In the past decade, American aversion of and hostility toward Islam and its followers have promoted campaigns of exclusion. We have seen protesters object the erection of a community center in New York City, politicians denounce those who seem sympathetic to the Muslim world, and pastors malign the Qur'an as a book of enmity and terror. Famous political commentators have announced to the world that "10 percent of Muslims are terrorists," and rather than admonishing these commentators, their producers have only written in support of such claims. However, while the vilification of all that represents Islam seems to permeate almost every discourse in America, we have neglected to scrutinize our own rebels.
On the frigid morning of Dec. 3, 2010, The Westboro Baptist Church demonstrated in front of Hillel at Harvard College. A multitude of students, faculty, and staff gathered in front of four-year-olds holding signs that read, "God hates fags" "Your Rabbi is a whore" and "Pray for more dead soldiers." Fred Phelps's church has picketed Jewish centers, high schools, and soldiers' funerals across America. In the wake of the shootings in Arizona, the WBC promised to protest the funeral of nine-year-old Christina, a little girl interested in public service.
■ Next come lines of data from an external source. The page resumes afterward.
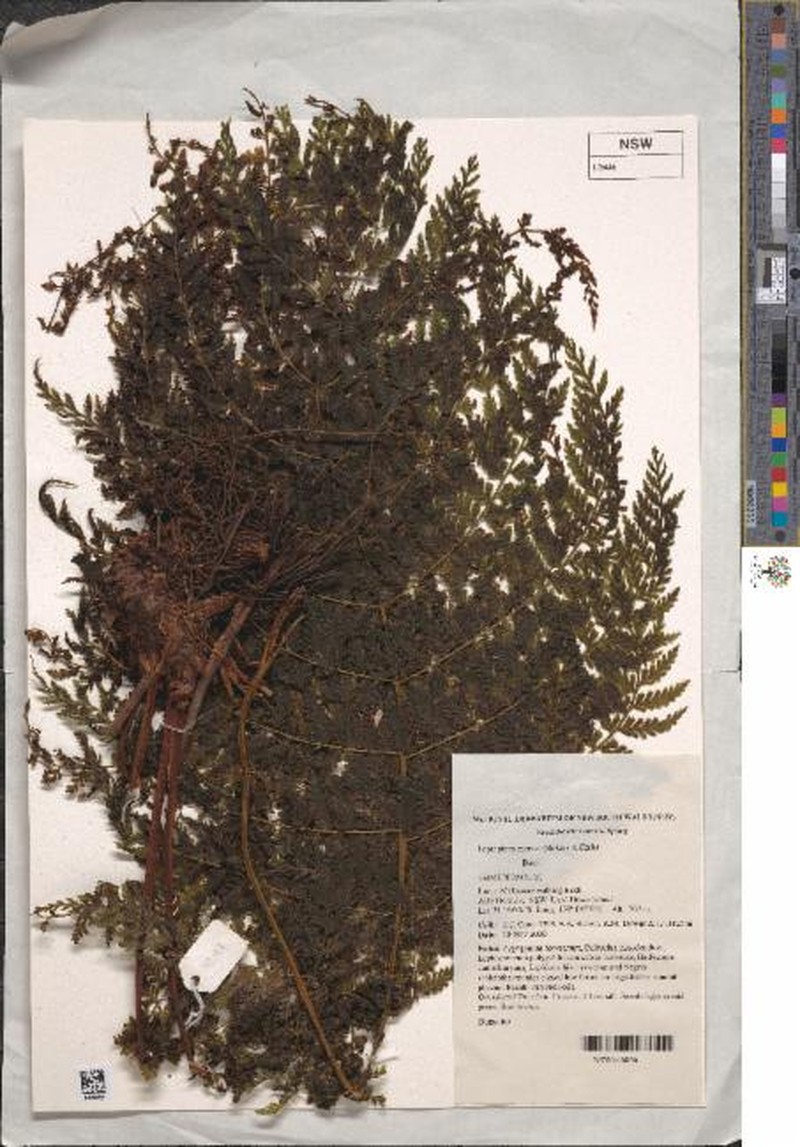 Leptopteris moorei photo 6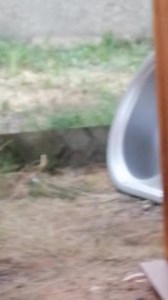 19K views · 1.2K reactions | La gamelle | Loukas et Gaspard | Facebook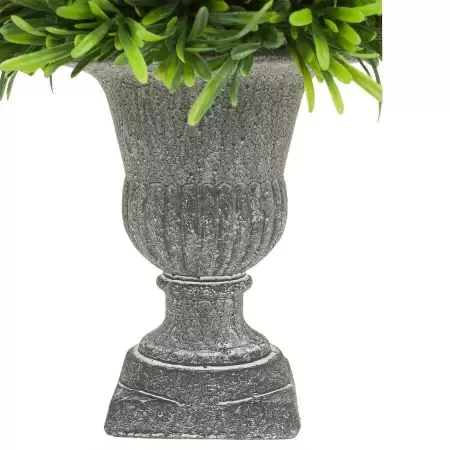 Самшит в кашпо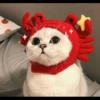 cute cats 11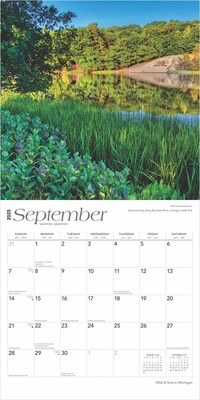 2025 BrownTrout Michigan Wild & Scenic 12" x 24" Monthly Square Wall Calendar (9781975475277)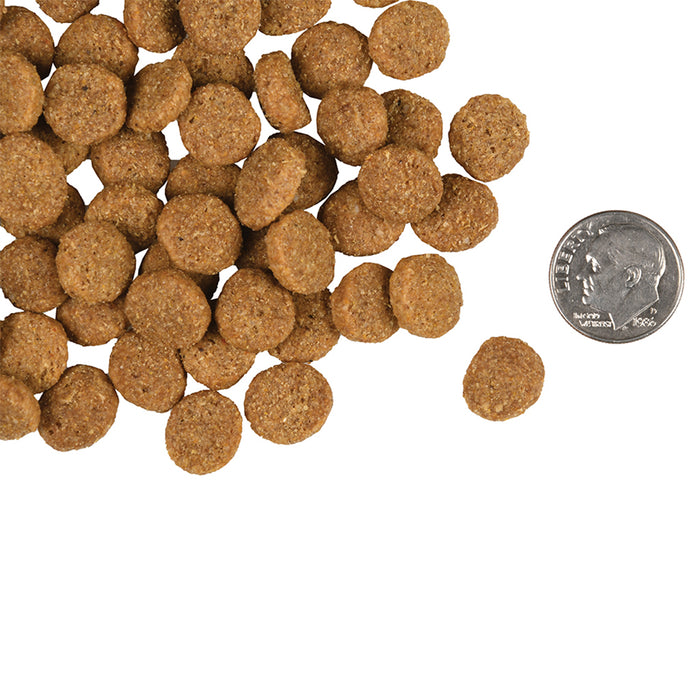 Gold Large Breed Adult kibble compared in size to a dime.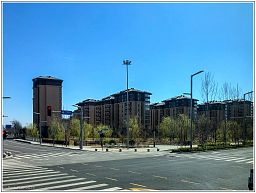 img_014290_12.jpg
Yet, we insist the terrorists are in the Middle East while in truth, those who preach hatred at home have caused more danger and hostility. Every day, I am disturbed by the rhetoric against some religions while the same rhetoricians praise divisive Christian fundamentalist who have polarized our country to dangerous levels. We harbor our own evil-doers in the United States: those who picket little girls' funerals, those who incite anger by promoting Qur'an-burning events, and those who use hatred and bigotry rather than love and reason to argue against abortion, same-sex marriage, and legalizing undocumented children devoted to this country. A few days ago, a man in his late 20s told me he disliked and distrusted all Muslims because "they bombed us in 9/11." Muslims did not bomb us. Fanatics did. Extremists did. Just as the Ku Klux Klan employed Christianity to validate its violent enterprise, so did those who so callously attacked America in 9/11 used Islam to validate their malevolence.
In the last few years, I have become a more faithful, though disappointed, Christian. I have faith in the power of love and unity that our Lord taught us, but I am scared of Christian dogmatism eroding the message of Jesus Christ. Where is the compassion? What of the love for those who differ from us? I am hopeful that the Bible may serve as guidance for peace, but I am also afraid of its being used as a tool to promote odium. The late Reverend and theologian Peter Gomes argued that Christian churches today are not engines of change, but engines of conservatism. How far, I wonder, can this conservatism take us?
I am a Divinity School student who studies religion not only to strengthen my faith but also my theological understanding of Christianity so that one day I may encourage dialogue that is uniting, not divisive. In light of the commentator's statements about Islam and the encounter with Phelps's church, I wonder whether more people would benefit from learning the tenets of the world's religions.
Already, though, views have begun to change -- slowly but decidedly. As the picketers held signs, the rest of us sang songs of praise and love. A few minutes into the protest, my boyfriend and I held hands and walked to our room. On one side, I read the signs, "God hates fags" "AIDS is God's punishment." On the other side, a police officer smiled and took off his hat as Yiannis and I crossed the street. At that moment, I looked down at our grasp and reflected: perhaps, hatred can be combated with love; perhaps, there is still hope for God's message.